Who will teach me to write? a reader wanted to know. The page, the page, the blankness of eternity which you cover slowly, affirming time’s scrawl as a right and your daring as necessity; the page, which you cover woodenly, ruining it, but asserting your freedom and power to act, acknowledging that you ruin everything you touch but touching it nevertheless, because acting is better than being here in mere opacity; the page, which you cover slowly with the crabbed thread of your gut; the page in the purity of its possibilities; the page of your death, against which you pit such flawed excellences as you can muster with all your life’s strength: that page will teach you to write.

A Message From John Updike: “Don’t be thin-skinned.”

John Updike

Try to develop steady work habits, maybe a more modest quota, but keep to it. Don’t be thin-skinned or easily discouraged because it’s an odds-long proposition; all of the arts are. Many are called, few are chosen, but it might be you.

Sally FOURTH (get it? get it?) and be writeful.

Tony Bill: “Forget the Mumbo Jumbo and Just Write the Damn Script.”
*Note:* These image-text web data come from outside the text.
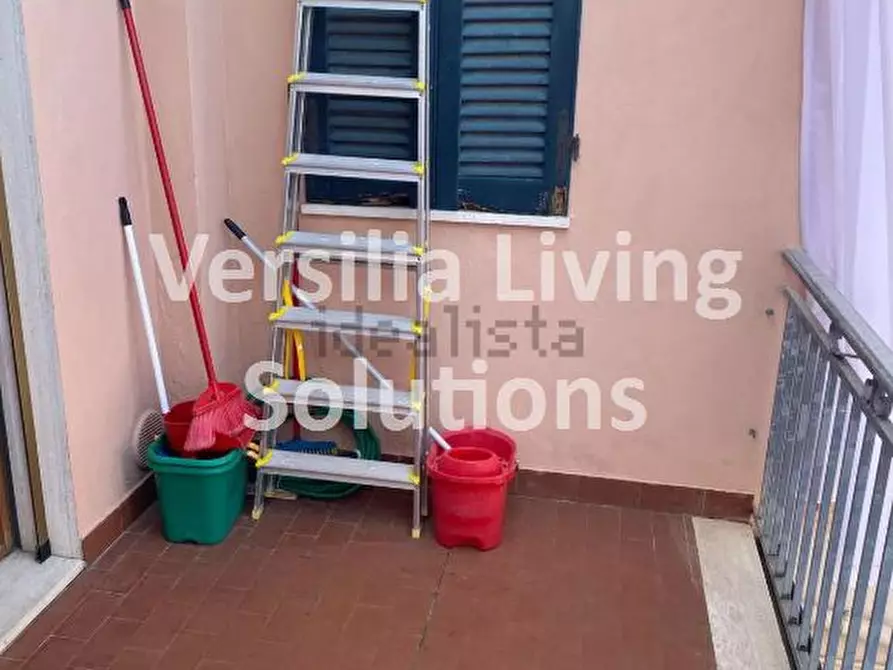 Immagine 5 di Appartamento in vendita  a Viareggio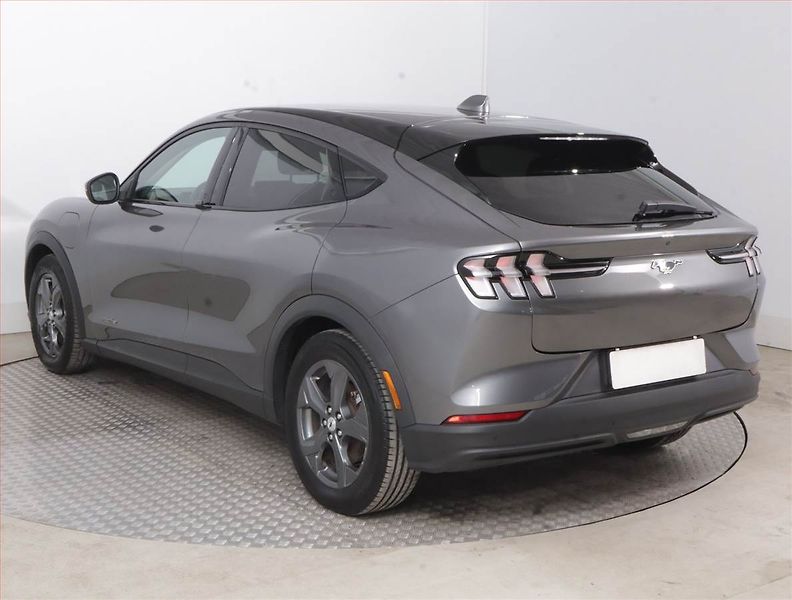 Ford Mustang Mach-E (2021) Standard Range RWD, SoH 95% - fotka 4 z 19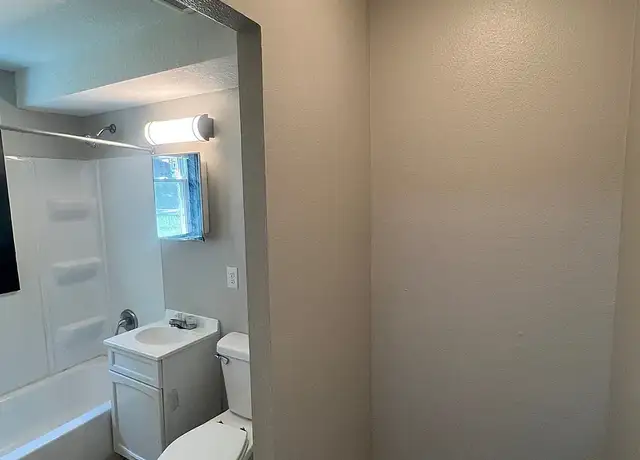Photo of 1120 Polk Blvd, Des Moines, IA 50311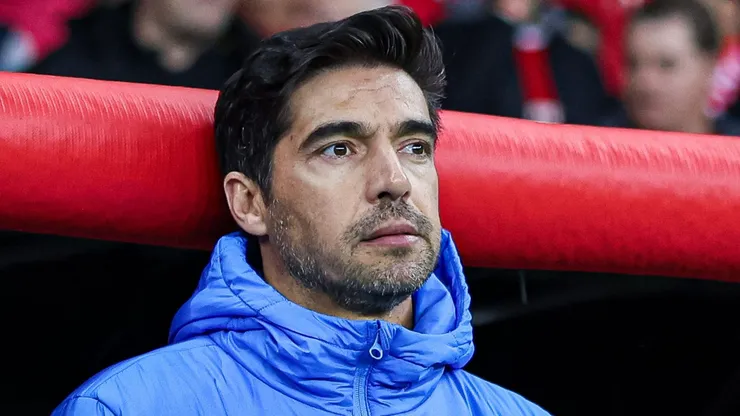 RS - PORTO ALEGRE - 16/07/2023 - BRASILEIRO A 2023, INTERNACIONAL X PALMEIRAS - Abel Ferreira tecnico do Palmeiras durante partida contra o Internacional no estadio Beira-Rio pelo campeonato Brasileiro A 2023. Foto: Maxi Franzoi/AGIF
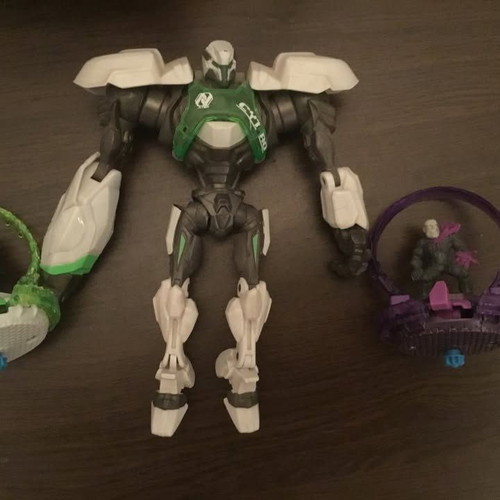 Maxstreel Cytro figure and Extroyer and Cytro spinning tops like new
Get a hold of three or four terrific original scripts. You decide which ones. Read them; analyze them if you want, or just let them wash over you. Notice their format: it’s standard in the industry, no exceptions. Then throw away or erase from memory all the books, articles, and lessons that reference or espouse three-act structures, five- and seven-act structures, “inciting events,” “character arcs,” “redemption,” Joseph Campbell’s name, plot graphs and charts, or supposed “tricks of the trade.” Forget the mumbo jumbo and just write the damn script and finish it in 120 pages or less. If you’re sufficiently talented, original, and inspired, nothing else is necessary. If you’re not, nothing else will help. If it turns out that you lack one or all of those elements, write another script. Maybe another. Give up when you can’t take it anymore. The time saved by not reading all those how-to books should be enough to carry you through the first several scripts at least, with time to spare. Sound cruel? Ask any screenwriter.

Sally forth and be writeful… and enjoy your weekend.

Grace Paley on the Importance of Carrying a Pencil and Paper

  1. Have a low overhead.
  2. Don’t live with anybody who doesn’t support your work. Very important.
  3. And read a lot. Don’t be afraid to read or of being influenced by what you read. You’re more influenced by the voice of childhood than you are by some poet you’re reading.
  4. The last piece of advice is to keep a paper and pencil in your pocket at all times, especially if you’re a poet. But even if you’re a prose writer, you have to write things down when they come to you, or you lose them, and they’re gone forever. Of course, most of them are stupid, so it doesn’t matter. But in case they’re the thing that solves the problem for the story or the poem or whatever, you’d better keep a pencil and a paper in your pocket. I gave this big advice in a talk, and then about three hours later I told a student I really liked his work and asked how I could get in touch with him. He said he would give me his name and address. I looked in my pocket, and I didn’t have any pencil or paper.

Raymond Carver on Cheap Tricks

I overheard the writer Geoffrey Wolff say “No cheap tricks” to a group of writing students. That should go on a three-by-five card. I’d amend it a little to “No tricks.” Period. I hate tricks. At the first sign of a trick or a gimmick in a piece of fiction, a cheap trick or even an elaborate trick, I tend to look for cover. Tricks are ultimately boring, and I get bored easily, which may go along with my not having much of an attention span. But extremely clever chichi writing, or just plain tomfoolery writing, puts me to sleep. Writers don’t need tricks or gimmicks or even necessarily need to be the smartest fellows on the block. At the risk of appearing foolish, a writer sometimes needs to be able to just stand and gape at this or that thing—a sunset or an old shoe—in absolute and simple amazement.